-- Exercise requirements --
Exact copies of all the lines below are needed, without the pictures.

[Data excerpts]
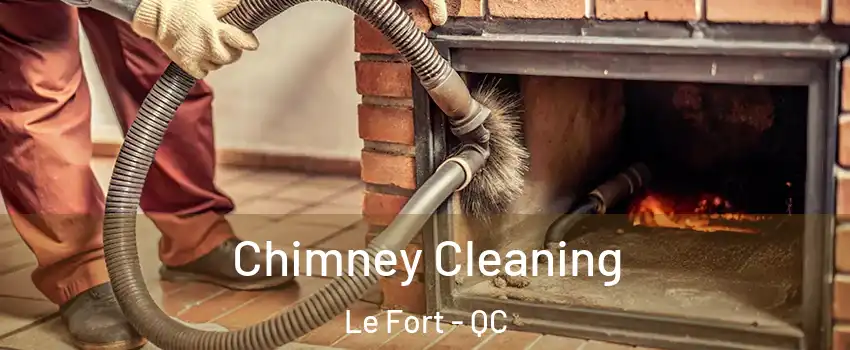  Chimney Cleaning Le Fort - QC
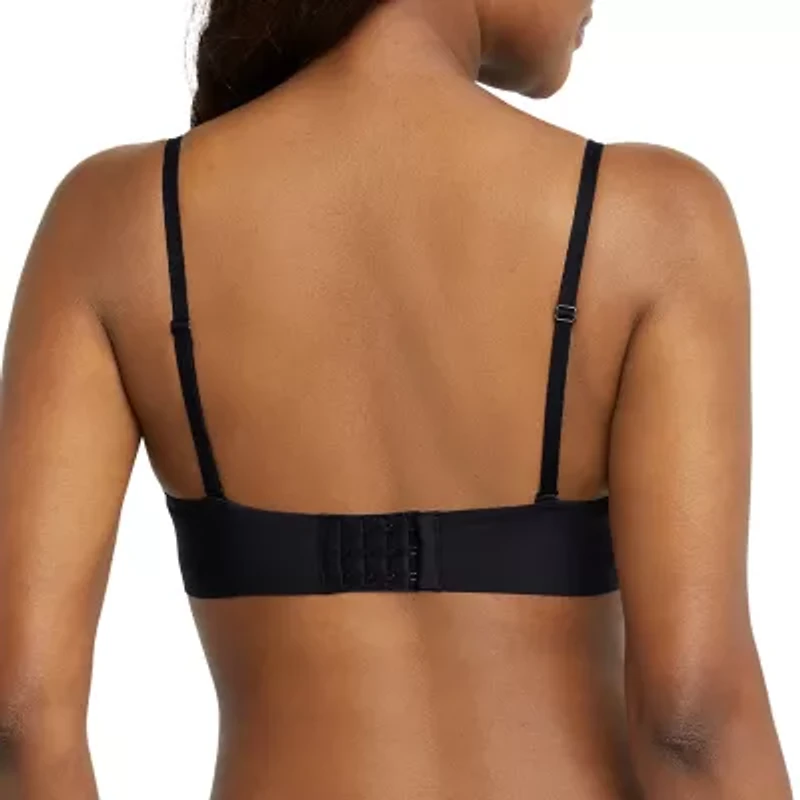 Maidenform One Fab Fit Dreamwire Womens Medium Support Full Coverage Underwire Strapless Bra Dm2310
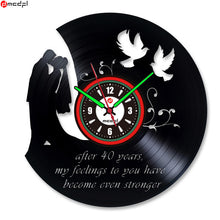 Love Celebration Wall Clock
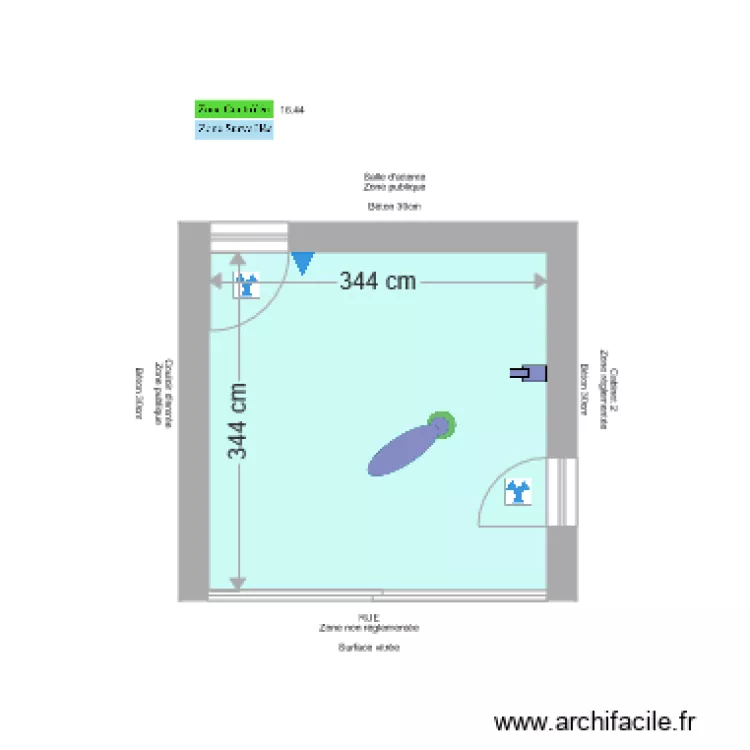 ESTHEDENT Cabinet 1. Plan de 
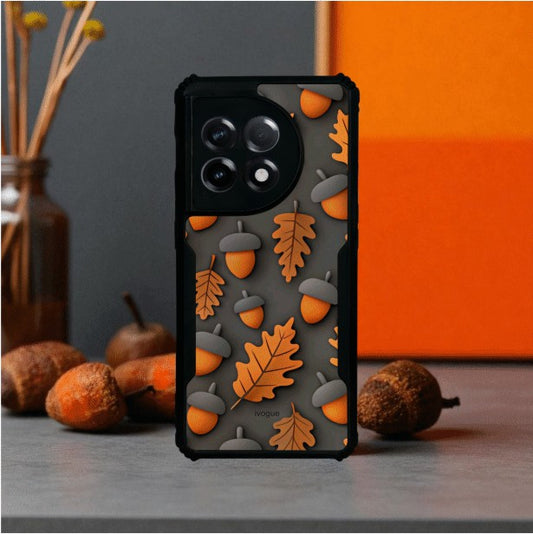 ivogue Oak & Acorn Mobile Cover For OnePlus 11R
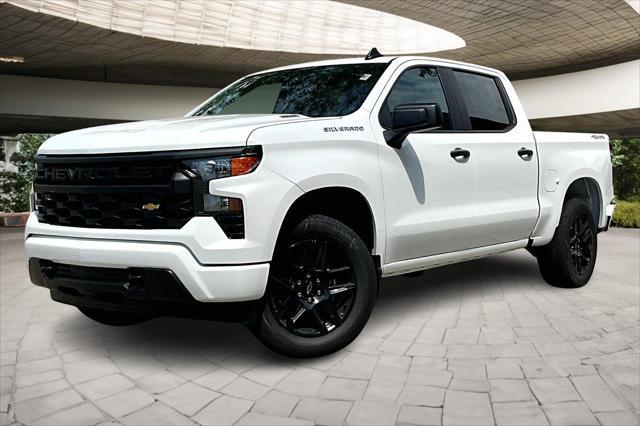 new 2025 Chevrolet Silverado 1500 car, priced at $43,914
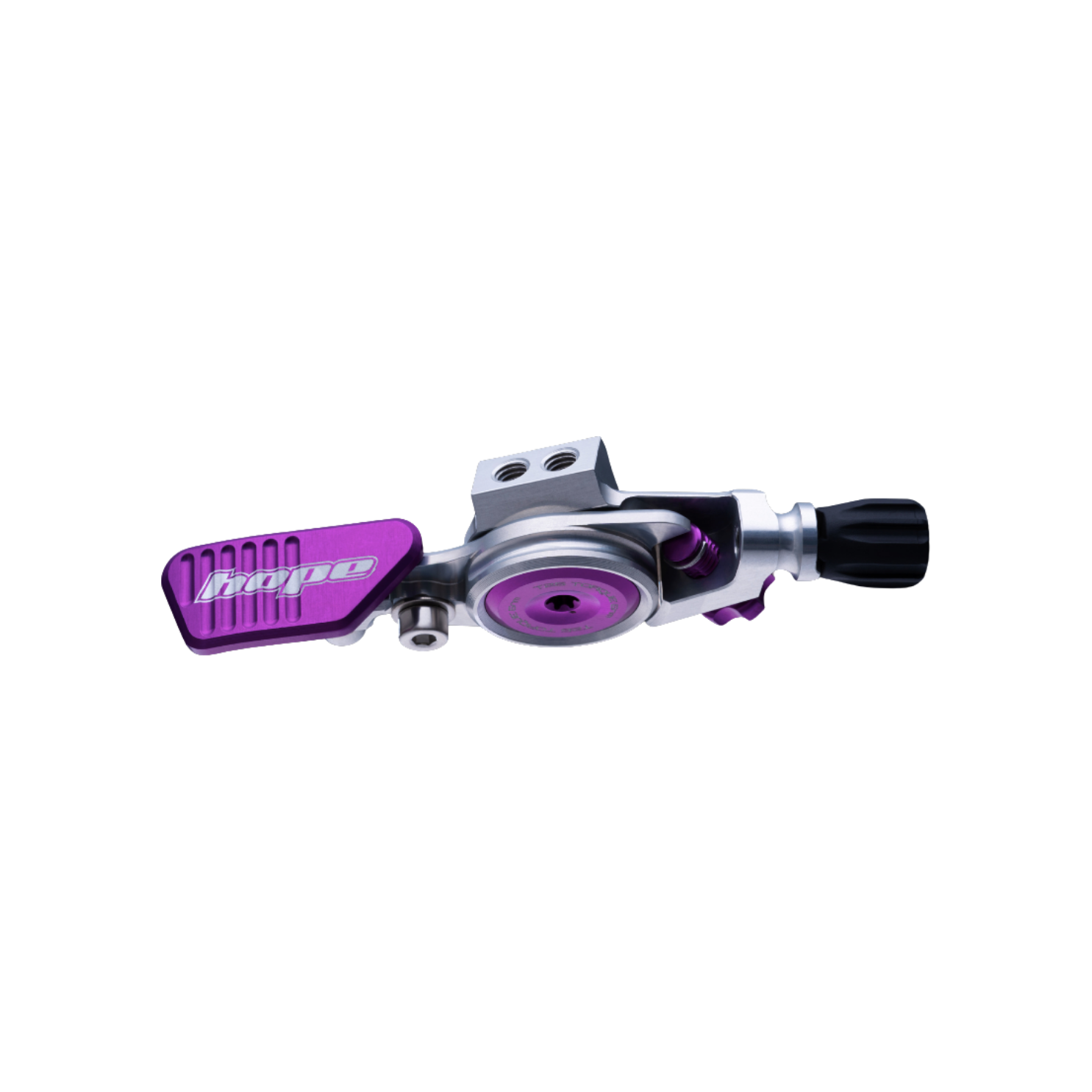 Hope Dropper Lever - Silver/Purple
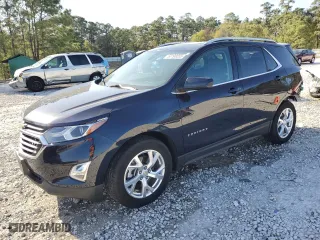 2020 Chevrolet Equinox LT with VIN 3GNAXVEXXLS567047, listed as a Copart auction lot 50198055 with 37,839 mi miles and Salvage Title. Bid and sale history available at carsss.com. Image 1.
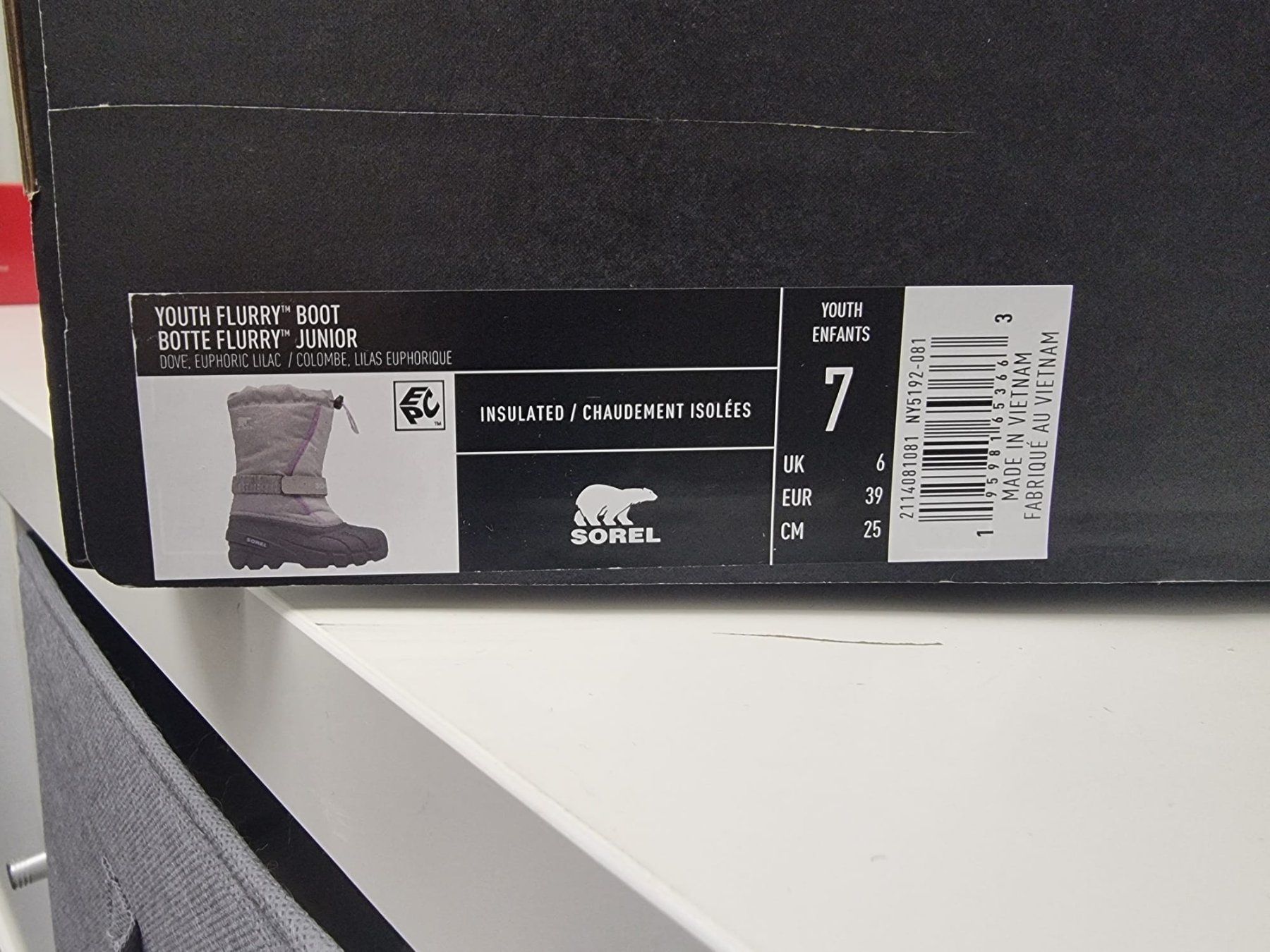 Sorel Scarpe da donna: SOREL Stiefel Gr. 39 Damen NEU – Nuovo e nell'imballaggio originale da Bennwil venduto da fawag 1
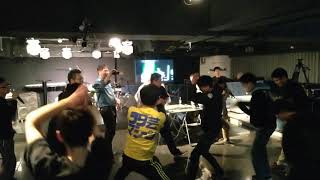 20190112　ヲタ芸　only my railgun  年末だから厄介大忘年会 (戊戌年)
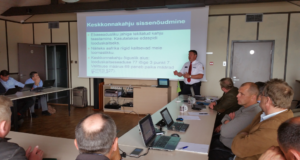 Juhatuse uue koosseisu esimene koosolek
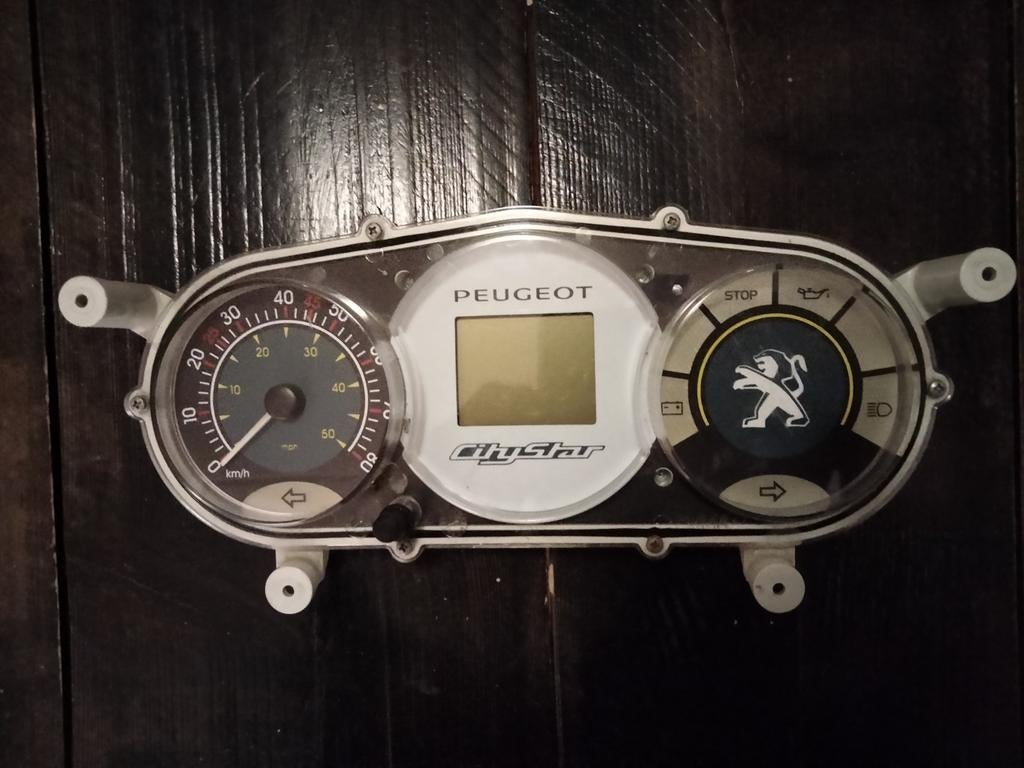 Peugeot Citystar Teller Unit / Snelheidsmeter, Ophalen of Verzenden, Gebruikt, Overige typen, Peugeot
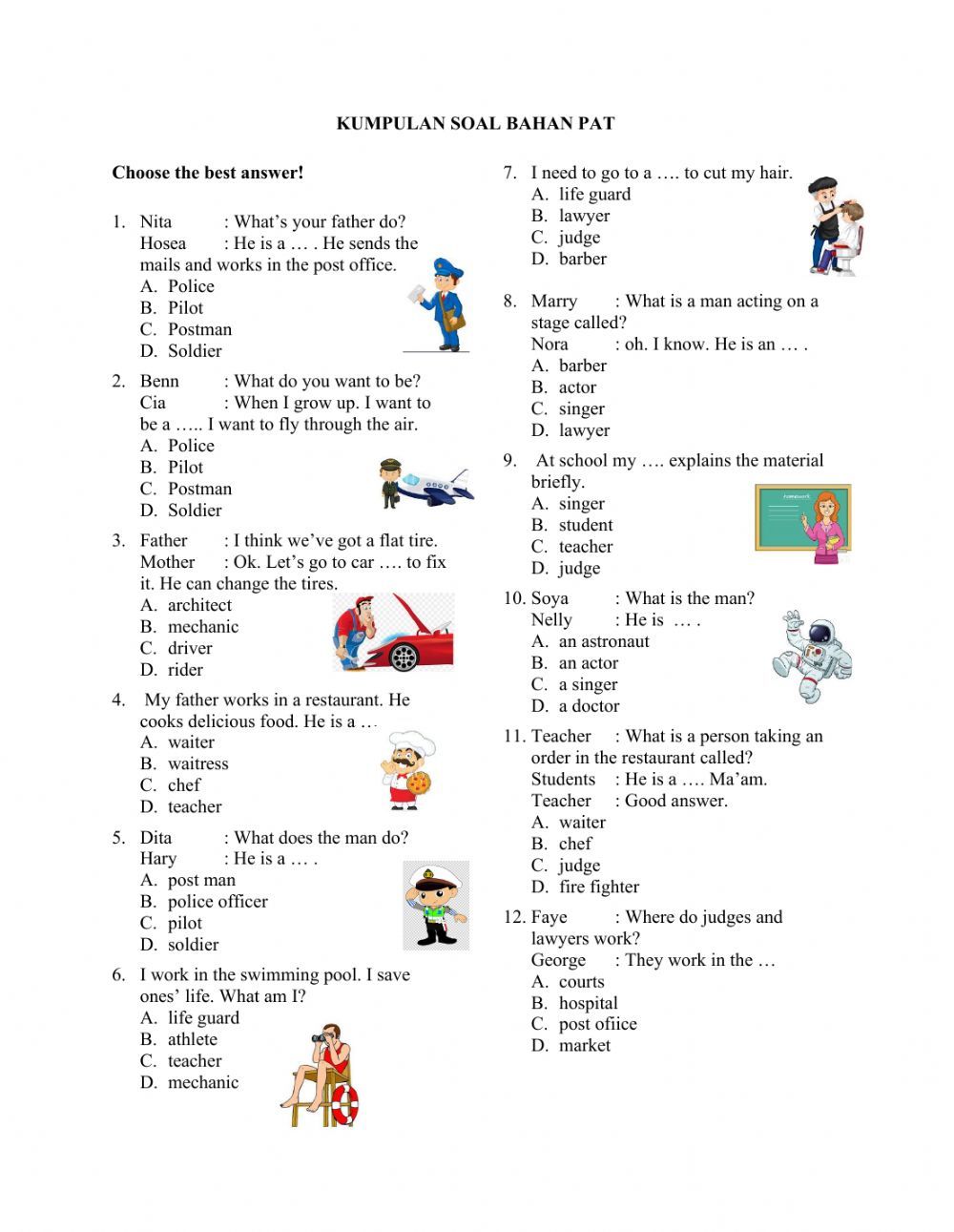 Wajib Tahu Kumpulan Soal Bahasa Inggris Family Kelas 3 Semester 1 Agar Anak Makin Pintar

-- Expected answer --
  Chimney Cleaning Le Fort - QC
 Maidenform One Fab Fit Dreamwire Womens Medium Support Full Coverage Underwire Strapless Bra Dm2310
 Love Celebration Wall Clock
 ESTHEDENT Cabinet 1. Plan de 
 ivogue Oak & Acorn Mobile Cover For OnePlus 11R
 new 2025 Chevrolet Silverado 1500 car, priced at $43,914
 Hope Dropper Lever - Silver/Purple
 2020 Chevrolet Equinox LT with VIN 3GNAXVEXXLS567047, listed as a Copart auction lot 50198055 with 37,839 mi miles and Salvage Title. Bid and sale history available at carsss.com. Image 1.
 Sorel Scarpe da donna: SOREL Stiefel Gr. 39 Damen NEU – Nuovo e nell'imballaggio originale da Bennwil venduto da fawag 1
 20190112　ヲタ芸　only my railgun  年末だから厄介大忘年会 (戊戌年)
 Juhatuse uue koosseisu esimene koosolek
 Peugeot Citystar Teller Unit / Snelheidsmeter, Ophalen of Verzenden, Gebruikt, Overige typen, Peugeot
 Wajib Tahu Kumpulan Soal Bahasa Inggris Family Kelas 3 Semester 1 Agar Anak Makin Pintar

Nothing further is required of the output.